Exercise instructions. Return the data below unaltered, but strip out the pictures.

==== Dataset section ====

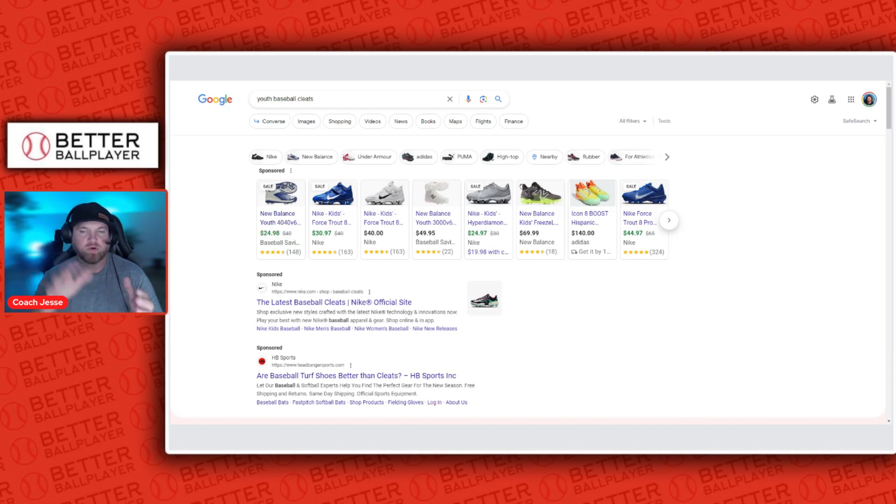We're going to focus on molded TPU cleats — we're not going to cover metal cleats in this video. With TPU, or plastic cleats, there's a lot to look for, especially depending on what position your son or daughter plays and also which brand you pick.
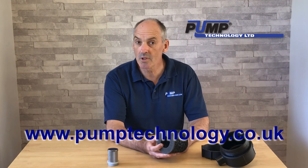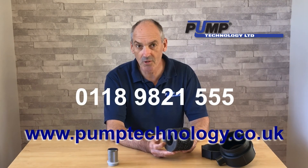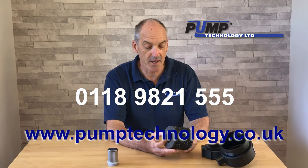Simply call our application team at Pump Technology — they'll help confirm the selection for you, and units can be dispatched the same day.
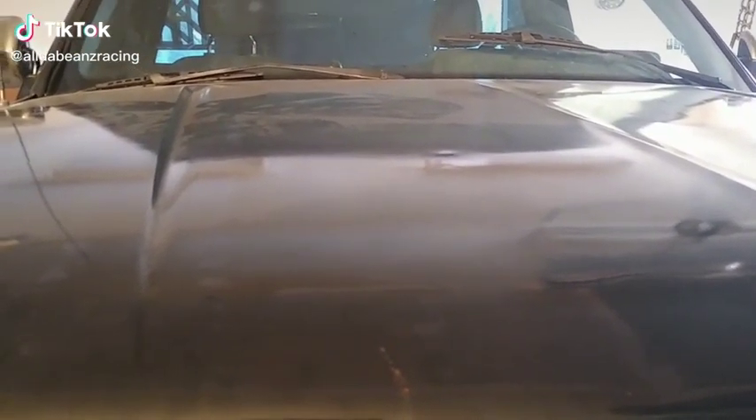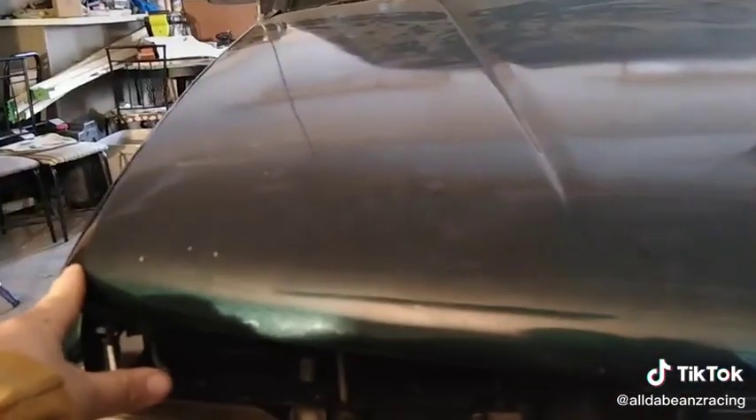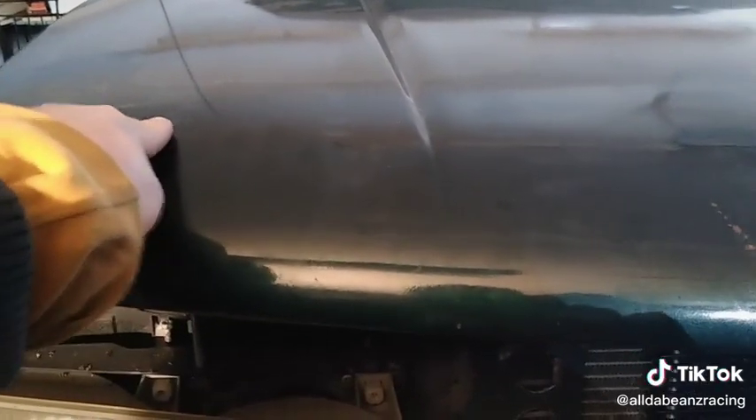Alright guys, so I'm getting ready to toss the grill back on the truck, but first I need to install the hood pins. I'm thinking somewhere between the edge of the hood and this line right here, so probably somewhere right around in here.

====

Output.
We're going to focus on molded TPU cleats — we're not going to cover metal cleats in this video. With TPU, or plastic cleats, there's a lot to look for, especially depending on what position your son or daughter plays and also which brand you pick.
Simply call our application team at Pump Technology — they'll help confirm the selection for you, and units can be dispatched the same day.
Alright guys, so I'm getting ready to toss the grill back on the truck, but first I need to install the hood pins. I'm thinking somewhere between the edge of the hood and this line right here, so probably somewhere right around in here.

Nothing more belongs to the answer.